The properties of popular baked foods, such as cookies, to deliver functional dietary fibre have been studied to a limited extent. Some research has been conducted on the rheological properties and baking performances of doughs containing added soluble fibre (Rasco et al. 1990; Lee et al. 2005). Lee et al. (2005) noted that cookies made with substituting pastry flour with oat β-glucan (10% substitution) had similar sensory properties to control cookies. Consumer acceptance studies conducted by Tsen et al. (1982) with chocolate chip cookies supplemented with 15% (by weight) distiller’s grain flour resulted in acceptable products. However these low levels of substitution provide only limited fibre in the products.

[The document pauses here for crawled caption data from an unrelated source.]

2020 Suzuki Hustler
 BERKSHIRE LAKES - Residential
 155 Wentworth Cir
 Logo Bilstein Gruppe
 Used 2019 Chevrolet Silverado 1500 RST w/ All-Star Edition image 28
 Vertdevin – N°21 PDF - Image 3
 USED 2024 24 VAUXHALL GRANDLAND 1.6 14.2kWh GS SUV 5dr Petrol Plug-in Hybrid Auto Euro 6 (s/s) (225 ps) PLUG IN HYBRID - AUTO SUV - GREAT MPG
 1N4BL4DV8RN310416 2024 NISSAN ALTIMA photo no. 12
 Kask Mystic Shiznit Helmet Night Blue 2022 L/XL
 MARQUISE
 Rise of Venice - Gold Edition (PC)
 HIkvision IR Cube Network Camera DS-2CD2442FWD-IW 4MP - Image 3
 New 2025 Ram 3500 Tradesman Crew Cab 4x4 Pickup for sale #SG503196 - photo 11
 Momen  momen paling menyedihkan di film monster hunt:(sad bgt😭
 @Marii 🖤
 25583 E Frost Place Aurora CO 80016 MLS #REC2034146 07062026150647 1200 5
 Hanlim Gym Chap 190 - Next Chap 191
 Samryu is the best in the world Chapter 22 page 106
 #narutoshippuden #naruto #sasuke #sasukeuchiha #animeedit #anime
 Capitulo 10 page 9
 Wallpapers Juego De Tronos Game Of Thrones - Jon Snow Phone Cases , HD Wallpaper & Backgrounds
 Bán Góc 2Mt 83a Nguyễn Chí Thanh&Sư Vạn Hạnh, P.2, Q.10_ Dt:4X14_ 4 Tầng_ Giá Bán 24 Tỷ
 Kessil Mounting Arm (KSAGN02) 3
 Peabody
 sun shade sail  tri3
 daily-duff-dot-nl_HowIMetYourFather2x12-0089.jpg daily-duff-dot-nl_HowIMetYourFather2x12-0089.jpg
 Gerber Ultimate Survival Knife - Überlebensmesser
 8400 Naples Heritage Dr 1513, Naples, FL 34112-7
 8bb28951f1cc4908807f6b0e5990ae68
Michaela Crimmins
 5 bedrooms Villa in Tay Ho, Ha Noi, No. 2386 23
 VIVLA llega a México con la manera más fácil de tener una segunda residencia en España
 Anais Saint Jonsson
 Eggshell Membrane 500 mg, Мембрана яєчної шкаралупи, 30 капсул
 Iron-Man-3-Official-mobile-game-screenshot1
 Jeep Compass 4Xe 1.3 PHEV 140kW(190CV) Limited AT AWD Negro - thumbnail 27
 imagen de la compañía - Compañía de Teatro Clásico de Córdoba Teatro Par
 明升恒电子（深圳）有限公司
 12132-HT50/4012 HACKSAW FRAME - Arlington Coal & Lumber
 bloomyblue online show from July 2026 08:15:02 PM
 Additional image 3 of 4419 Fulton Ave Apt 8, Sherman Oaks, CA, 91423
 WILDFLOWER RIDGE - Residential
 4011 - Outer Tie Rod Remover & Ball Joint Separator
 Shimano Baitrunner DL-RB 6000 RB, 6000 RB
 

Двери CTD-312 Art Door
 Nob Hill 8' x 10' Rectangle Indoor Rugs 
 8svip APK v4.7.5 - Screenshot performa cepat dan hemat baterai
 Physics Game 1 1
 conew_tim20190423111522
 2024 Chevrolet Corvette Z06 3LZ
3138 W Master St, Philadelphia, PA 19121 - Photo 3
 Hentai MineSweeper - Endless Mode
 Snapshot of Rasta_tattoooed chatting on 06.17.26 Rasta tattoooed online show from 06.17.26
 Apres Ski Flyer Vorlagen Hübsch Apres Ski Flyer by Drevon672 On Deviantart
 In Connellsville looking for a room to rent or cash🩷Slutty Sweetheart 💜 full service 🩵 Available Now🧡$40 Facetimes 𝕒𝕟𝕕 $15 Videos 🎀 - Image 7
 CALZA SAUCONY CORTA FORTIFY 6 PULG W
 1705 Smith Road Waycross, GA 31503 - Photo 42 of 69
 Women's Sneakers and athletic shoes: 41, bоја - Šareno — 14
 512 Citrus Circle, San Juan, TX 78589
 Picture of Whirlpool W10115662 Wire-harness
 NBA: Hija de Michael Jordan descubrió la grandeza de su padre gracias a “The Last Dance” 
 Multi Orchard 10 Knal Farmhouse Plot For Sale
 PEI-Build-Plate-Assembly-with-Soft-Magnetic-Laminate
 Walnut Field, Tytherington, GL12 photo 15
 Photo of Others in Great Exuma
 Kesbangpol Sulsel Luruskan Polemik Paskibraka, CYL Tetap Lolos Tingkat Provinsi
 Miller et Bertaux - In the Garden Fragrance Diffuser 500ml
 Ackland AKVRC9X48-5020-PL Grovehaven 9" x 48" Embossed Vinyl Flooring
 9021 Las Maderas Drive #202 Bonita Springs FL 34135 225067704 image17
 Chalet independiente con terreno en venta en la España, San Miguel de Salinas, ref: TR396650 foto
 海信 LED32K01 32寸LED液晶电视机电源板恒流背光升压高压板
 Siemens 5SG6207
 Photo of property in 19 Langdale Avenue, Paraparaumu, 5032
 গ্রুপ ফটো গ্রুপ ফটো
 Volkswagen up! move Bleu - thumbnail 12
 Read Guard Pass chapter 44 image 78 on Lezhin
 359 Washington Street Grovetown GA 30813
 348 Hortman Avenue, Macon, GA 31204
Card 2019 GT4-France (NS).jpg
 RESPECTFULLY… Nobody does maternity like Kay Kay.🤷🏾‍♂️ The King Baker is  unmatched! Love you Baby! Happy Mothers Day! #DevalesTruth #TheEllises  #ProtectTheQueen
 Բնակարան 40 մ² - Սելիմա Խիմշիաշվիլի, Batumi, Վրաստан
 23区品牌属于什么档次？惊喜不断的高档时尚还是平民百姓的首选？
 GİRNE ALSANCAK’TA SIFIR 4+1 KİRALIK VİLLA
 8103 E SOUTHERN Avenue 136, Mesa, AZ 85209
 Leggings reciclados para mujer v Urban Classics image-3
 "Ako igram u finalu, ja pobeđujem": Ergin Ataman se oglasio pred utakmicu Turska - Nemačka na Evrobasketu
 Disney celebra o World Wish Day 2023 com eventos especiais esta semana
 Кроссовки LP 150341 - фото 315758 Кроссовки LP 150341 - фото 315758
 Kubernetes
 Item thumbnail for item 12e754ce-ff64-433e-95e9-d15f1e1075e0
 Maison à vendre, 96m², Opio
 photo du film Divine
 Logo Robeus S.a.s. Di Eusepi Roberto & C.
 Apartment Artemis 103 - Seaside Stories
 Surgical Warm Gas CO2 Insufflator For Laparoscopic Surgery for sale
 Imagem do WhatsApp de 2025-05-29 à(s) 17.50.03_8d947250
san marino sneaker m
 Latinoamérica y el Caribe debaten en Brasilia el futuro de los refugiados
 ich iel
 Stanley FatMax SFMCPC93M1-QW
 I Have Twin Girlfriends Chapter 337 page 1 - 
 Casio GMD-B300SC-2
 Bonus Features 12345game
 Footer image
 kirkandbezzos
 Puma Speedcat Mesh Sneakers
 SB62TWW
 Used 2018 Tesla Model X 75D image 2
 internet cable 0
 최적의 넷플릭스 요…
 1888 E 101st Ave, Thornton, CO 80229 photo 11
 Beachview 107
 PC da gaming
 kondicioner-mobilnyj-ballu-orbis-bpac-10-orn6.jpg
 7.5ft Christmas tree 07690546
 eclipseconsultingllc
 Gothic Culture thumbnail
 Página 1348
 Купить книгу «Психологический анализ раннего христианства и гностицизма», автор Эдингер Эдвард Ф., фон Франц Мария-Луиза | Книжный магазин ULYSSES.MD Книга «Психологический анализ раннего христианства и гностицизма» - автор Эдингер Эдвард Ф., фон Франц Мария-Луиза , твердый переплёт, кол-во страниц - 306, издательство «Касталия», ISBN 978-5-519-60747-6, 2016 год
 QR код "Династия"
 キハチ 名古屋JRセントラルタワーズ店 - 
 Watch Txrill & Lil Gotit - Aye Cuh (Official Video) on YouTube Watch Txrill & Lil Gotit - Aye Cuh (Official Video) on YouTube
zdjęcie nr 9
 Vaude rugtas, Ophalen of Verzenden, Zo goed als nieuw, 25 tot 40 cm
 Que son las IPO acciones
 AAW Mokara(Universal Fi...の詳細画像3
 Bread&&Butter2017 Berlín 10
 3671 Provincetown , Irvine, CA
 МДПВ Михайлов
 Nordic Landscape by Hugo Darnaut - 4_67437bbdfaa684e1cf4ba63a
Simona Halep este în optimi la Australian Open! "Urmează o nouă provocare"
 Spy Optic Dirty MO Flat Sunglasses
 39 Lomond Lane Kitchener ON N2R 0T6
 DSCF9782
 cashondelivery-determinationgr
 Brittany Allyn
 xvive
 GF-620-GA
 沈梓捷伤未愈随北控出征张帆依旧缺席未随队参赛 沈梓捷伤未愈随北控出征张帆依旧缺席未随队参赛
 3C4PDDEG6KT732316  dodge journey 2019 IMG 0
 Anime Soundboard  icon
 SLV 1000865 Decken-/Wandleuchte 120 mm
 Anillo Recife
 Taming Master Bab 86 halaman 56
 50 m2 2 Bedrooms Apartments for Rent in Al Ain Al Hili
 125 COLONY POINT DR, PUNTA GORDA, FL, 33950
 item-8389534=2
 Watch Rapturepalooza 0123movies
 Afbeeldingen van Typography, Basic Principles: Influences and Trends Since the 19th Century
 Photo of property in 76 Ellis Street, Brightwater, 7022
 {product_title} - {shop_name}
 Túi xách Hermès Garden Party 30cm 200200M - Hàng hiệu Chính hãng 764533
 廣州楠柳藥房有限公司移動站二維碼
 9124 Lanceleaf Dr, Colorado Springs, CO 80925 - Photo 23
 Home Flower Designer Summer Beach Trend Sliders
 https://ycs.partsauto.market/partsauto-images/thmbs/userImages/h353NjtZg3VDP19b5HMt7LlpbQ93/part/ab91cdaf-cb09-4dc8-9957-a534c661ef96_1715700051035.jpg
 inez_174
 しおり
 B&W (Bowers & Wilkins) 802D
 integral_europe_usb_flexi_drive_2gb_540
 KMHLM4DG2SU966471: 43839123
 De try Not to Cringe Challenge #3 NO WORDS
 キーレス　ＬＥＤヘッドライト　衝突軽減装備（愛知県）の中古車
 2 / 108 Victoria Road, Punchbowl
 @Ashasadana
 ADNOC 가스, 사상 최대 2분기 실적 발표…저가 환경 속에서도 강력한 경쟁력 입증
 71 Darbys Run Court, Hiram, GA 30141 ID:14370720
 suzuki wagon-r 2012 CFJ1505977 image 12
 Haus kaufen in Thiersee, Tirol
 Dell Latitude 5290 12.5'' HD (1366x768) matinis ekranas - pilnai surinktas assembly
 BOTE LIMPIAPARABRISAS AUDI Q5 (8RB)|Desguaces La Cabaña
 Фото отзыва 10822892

The present study explored the possibility of using barley flour as an ingredient to incorporate soluble fibre in chocolate chip cookies. The hypothesis was that the addition of barley flour to chocolate-chip cookies would lead to a good-tasting functional food. The objective of this study was to determine the physical and sensory characteristics of chocolate chip cookies partly substituted with barley flour at different levels. The water activity (A_w) and colour (L*, a*, and b*) was determined as part of the physical characteristics of the experimental cookies. The sensory characteristics of the experimental cookies were determined by descriptive and consumer sensory analyses.

Materials and methods

Cookie preparation

Table 1 shows the formulations and ingredients used for the experimental cookies. Milled Prowashonupana barley flour (Sustagrain™, Average particle size distribution: 48.3% > 250 μm and 51.7% < 250 μm) was used for preparing the various cookies. Dough mixing was done in 250 g batches. Oil, sugars (golden brown and white granulated) and vanilla extract were creamed in a KitchenAid® mixer (Model K45SS; KitchenAid, St. Joseph, MI. U.S.A.) at “stir” setting for 30 s. Eggs were added and mixed for 60 s at setting 2. Salt and baking soda were added to sifted flours, and mixed in the egg mixture for 60 s. Chocolate chips (Nestlé® Toll House® semi-sweet mini chocolate morsel) were added to the mixture and stirred for 30 s. Mixed doughs were transferred into glass bowls, covered with three layers of plastic wrap to prevent moisture loss, and kept in a refrigerator. Before baking, the doughs were tempered to room temperature (22 ± 1 °C). A #60 ice cream scoop was used to drop the cookie doughs, and 12 portions (~13 g) of the same treatment were placed on a baking sheet and baked in a preheated gas oven (Model: GLGF377ASF; Frigidaire Gallery, Augusta, GA) at 182 °C for 13 min. Baked cookies were cooled to ~25 °C before storing each individual cookie in a re-sealable snack bag. The cookies were further double bagged in 1 L Ziploc® (S.C. Johnson & Son Inc., Racine, WI, U.S.A.) freezer bags to prevent gain or loss of moisture from or to the cookies. All bagged samples were stored in an airtight plastic container and kept inside a dark cabinet at room temperature (24 °C) until sensory and instrumental evaluations were performed (within 3 days). Three replicates of the experimental cookies were prepared for instrumental and sensory analyses.

Table 1.

Barley chocolate chip cookie formulations used in the study

Ingredients (g/kg)	Treatments						Source or manufacturer
	0%1	30%	40%	50%	60%	70%
Barley flour	0.0	102.0	136.0	170.0	204.0	238.0	ConAgra Foods, Omaha, NE, U.S.A.
All-purpose flour	340.0	238.0	204.0	170.0	136.0	102.0	Stator Bros, Colton, CA, U.S.A.
Baking soda	2.5						Stator Bros
Table salt	3.0						Stator Bros, Colton
Golden brown sugar	176.0						C&H Sugar Company Crockett, CA, U.S.A.
Granulated sugar	64.0						C&H Sugar Company
Canola oil	182.0						Stator Bros, Colton, CA, U.S.A.
Eggs	107.0						Stator Bros
Vanilla flavour	4.5						McCormick & Company, Hunt Valley, MD, U.S.A.
Chocolate chips	121.0						Nestle USA Inc., Solon, OH, U.S.A.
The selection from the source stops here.